The prediction market platform Polymarket is suspected of a data breach, with over 300,000 records and an exploit toolkit leaked

The decentralized prediction market platform Polymarket is suspected to have been hacked, with the threat actor xorcat posting over 300,000 data records and a corresponding exploit toolkit on a well-known cybercrime forum.
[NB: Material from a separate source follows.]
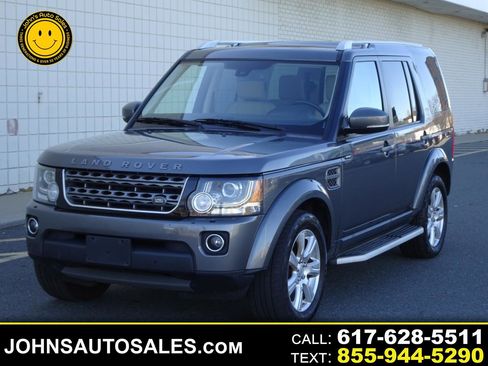 Used 2016 Land Rover LR4 HSE image 1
It is reported that the attacker extracted data through undisclosed API endpoints, pagination bypass, and CORS misconfigurations in Polymarket Gamma and CLOB API. The leaked content includes: 10,000 users' complete personal information (including names, proxy wallets, and base addresses), 4,111 comments, 1,000 reports (including 58 ETH addresses and administrator verification address identifiers), 48,536 Gamma market metadata, over 250,000 active CLOB market fixed product market maker addresses, and 9,000 social graph data of followers.

The toolkit contains proof-of-concept code for multiple vulnerabilities, including CVE-2025-62718 (Axios NO_PROXY bypass, CVSS 9.9, which can trigger server-side request forgery), CVE-2024-51479 (Next.js middleware authentication bypass, CVSS 7.5), and CORS misconfigurations. Additionally, the toolkit includes automated continuous pull scripts and a complete red team report.